00:20:18.660 Fortunately, the Ruby community has a solid reputation for metrics collection and use, and services like New Relic simplify this process.

00:20:55.090 Tracking metrics is crucial; without them, your production environment operates like a black box, making it impossible to determine the quality of user experiences.

00:21:18.810 The importance of metrics really stood out for me during a talk by Coda Hale at GitHub in 2009 where he emphasized that the core of our work is to deliver business value.

00:21:49.290 To do so, we need to effectively measure and evaluate performance, otherwise, we risk failing to meet user or business expectations.

00:22:23.660 While metrics hold significance, they could lead to a false sense of understanding if not interpreted properly. Receiving an average can sometimes cloud the actual reality, leading to misconceptions.

00:22:57.660 Averages can mislead due to human tendencies to assume they perfectly represent a distribution, which isn't always the case. This matters significantly in applications.

00:23:20.190 Real-world metrics often deviate sharply from the expected normal distribution. In operational metrics across multiple servers, averages may obscure critical performance insights.

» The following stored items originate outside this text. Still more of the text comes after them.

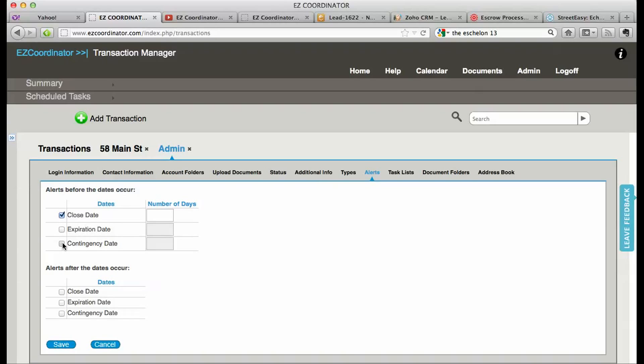So if I want to turn on the close date and the contingency date, I'm going to check those two, and this is the number of days I want to be alerted before they expire.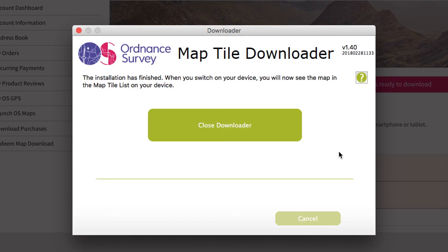Once your tiles are downloaded onto your device, you will then need to close the downloader by pressing the green button.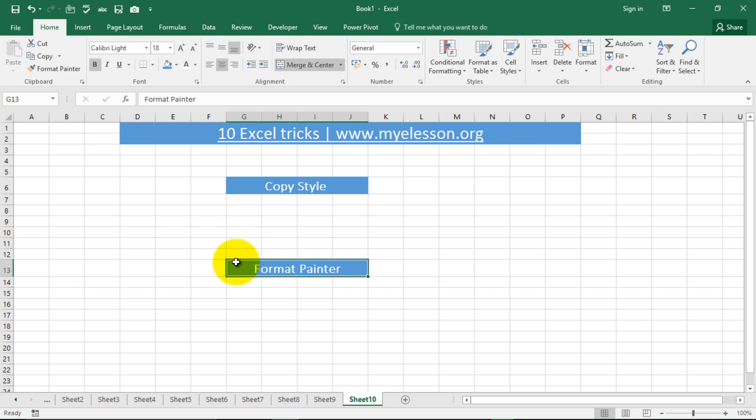So this is how we can become excellent in Excel by using these 10 tricks. Hope you liked this video. If you did, please do click on the like button. And if you have a question, please mention in the comments. I will try to answer the question. And do subscribe to the channel, so that I am motivated and I can keep on making such more videos.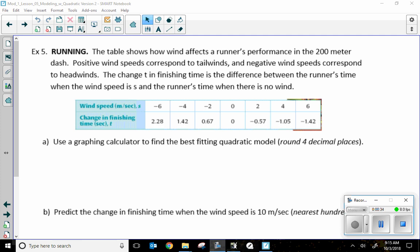I'm just going to go through all these problems. If you want to try first on your own, just pause the video, do your work, then hit play. Here we go. Example 5: Running. The table shows how wind affects a runner's performance in the 200-meter dash. Positive wind speeds correspond to tailwinds; negative wind speeds correspond to headwinds. The change T in finishing time is the difference between the runner's time when the wind speed is S and the runner's time when there is no wind. That was really just a description of the table you see below.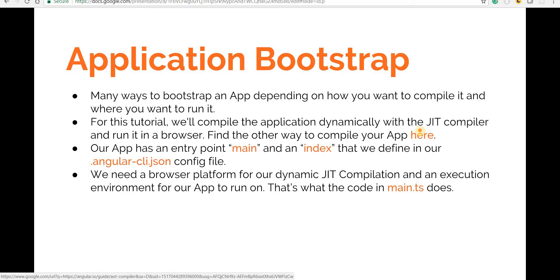Our application has two basic entry points: the main.ts file, which is the entry point for the JavaScript or TypeScript part, and the index.html file, which is the entry point for our templates. Each and every Angular application needs a browser platform for its just-in-time compilation to work on, and an execution environment in which our Angular application can run.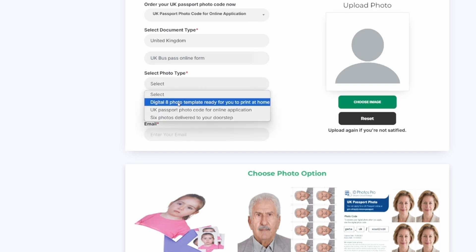Next, choose the photo service you want. You can select the digital option, which includes eight photo templates ready to print at home. We will send the photo template to your email for you to print at home. In our package, we also include a single digital photo. We will deliver the photo template to your email within two hours, ready for you to print at home. These photos are not AI generated — they are professionally produced in our studio. You can use these photos for online applications.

00:23:43.490 Enhanced awareness comes not from just relying on averages but observing and understanding behavior through percentile metrics to draw conclusions about outlier behaviors.

00:24:06.000 Visualizing your metrics offers a clearer perspective, as various datasets might look visually very different despite sharing average values.

00:24:34.790 I urge that you don't solely depend on averages for alerts. Alerts should notify deviations from your known functioning baseline, not just when averages decline.

00:25:01.920 In summary, the network plays a critical role in the overall performance of your application. Developers often overlook its significance, focusing instead on the code without considering network factors.

00:25:39.680 After deploying your application, remember that the user experience is essential. Regardless of processing efficiency, users ultimately care about the total time it takes for their requests to be fulfilled.

00:26:08.680 In any case, if you're not alerting on averages, determining the foundation of your operations is key to avoiding alert fatigue.

00:26:49.540 The best advice I've received involves identifying your system's average baseline and adjusting alerts to signal deviations from that baseline.

00:27:22.230 Understanding your application and business's distinct metrics allows for more nuanced alerts, thus avoiding unnecessary noise.

00:27:58.490 As we conclude, if you have any further questions, I'm happy to discuss these ideas further. Thank you for your time!